At New York City’s International Airport one day last week, the official report was that the visibility and ceiling were unlimited, and the wind on the surface was blowing from the north at a mild 11 m.p.h. But Louis Harmantas, the Weather Bureau’s chief meteorologist at the airport, had a very different report on the invisible weather six miles up. There the wind was roaring out of the south-southwest at 104 m.p.h. At the same altitude and about 100 miles east-southeast of the airport, the great jet stream itself, flanked by belts of turbulence, hurtled toward Newfoundland at 160 m.p.h.
Such winds do not directly concern the pilots of conventional propeller planes, whose normal ceiling is in the quieter air below 20,000 ft. But the great new jetliners cruise most efficiently in the high, thin air above. Their crews and dispatchers need detailed, fresh information about the tremendous high-altitude winds that crisscross the middle latitudes. To meet their need, the Weather Bureau has announced plans for a new high-altitude forecasting service, hoped to have it in full operation in time for next month’s start of jetliner service across the U.S.
Twisty Center. The bureau will forecast flying weather up to 42,000 ft. Most of the information will come from weather balloons launched every six hours and reported to seven main stations (Suitland, Md., New York City, Miami, San Juan, P.R., San Francisco, Honolulu and Anchorage, Alaska). Electronic instruments dangling under the balloons will report temperature and humidity at the various levels. As the balloons climb through the air layers, their motion will be tracked electronically, revealing the direction and speed of the high-altitude winds. At the National Weather Analysis Center at Suitland, the data will be digested, plotted on charts and sent by facsimile transmitters to airports across the country.
Chief target of the bureau’s new service will be the jet stream itself, which is generally found around 30,000 ft., sometimes blows faster than 230 m.p.h.
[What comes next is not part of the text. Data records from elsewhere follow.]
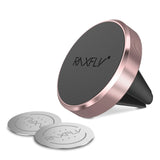 RAXFLY Magnetic Phone Holder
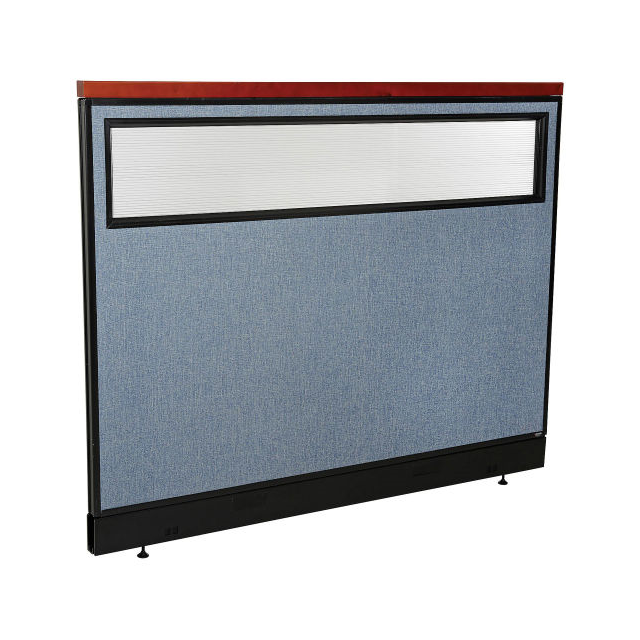 product Photo 694768WNBL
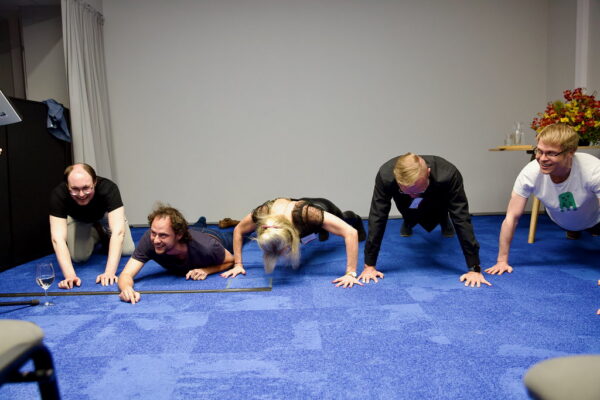 4n9a2884_54493617753_l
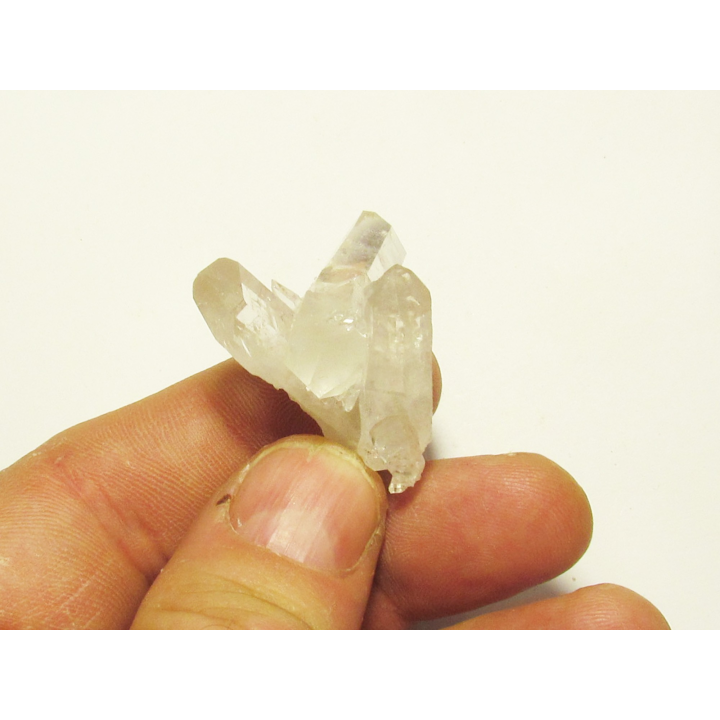 QUARTZ Lagardette - France (8)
The jet stream is not easy to keep track of; it snakes and thrashes around like a whipping rope, changing both speed and altitude. A jetliner that gets into its core may arrive at its destination hours ahead of schedule with its tanks still heavy with unburned fuel. But judging by the experience of Air Force pilots, whose jet bombers have been flying the unfamiliar highways of the upper air for years, commercial pilots will probably not find it worthwhile to try for this maximum joyride. The stream’s twisting center is hard to follow, and it often takes the airplane far from its course. Most pilots will be content to pick up 50 to 100 miles of free speed by flying in the stream’s vicinity.
The general direction of the jet stream is from west to east; jetliners flying westward will usually pick their courses and altitudes to avoid it. But sometimes the jet stream or the current associated with it loops into a westerly direction. When the charts reveal such a shift, an alert pilot might get a jet stream assist both coming and going.
Cobbled Turbulence. Besides keeping tab on the jet stream, the Weather Bureau’s new service will chart the ever-changing altitude of the tropopause, the varying boundary around 30,000 ft. between the troposphere (lower atmosphere) where the temperature generally decreases with altitude, and the stratosphere above it, where the temperature remains relatively constant.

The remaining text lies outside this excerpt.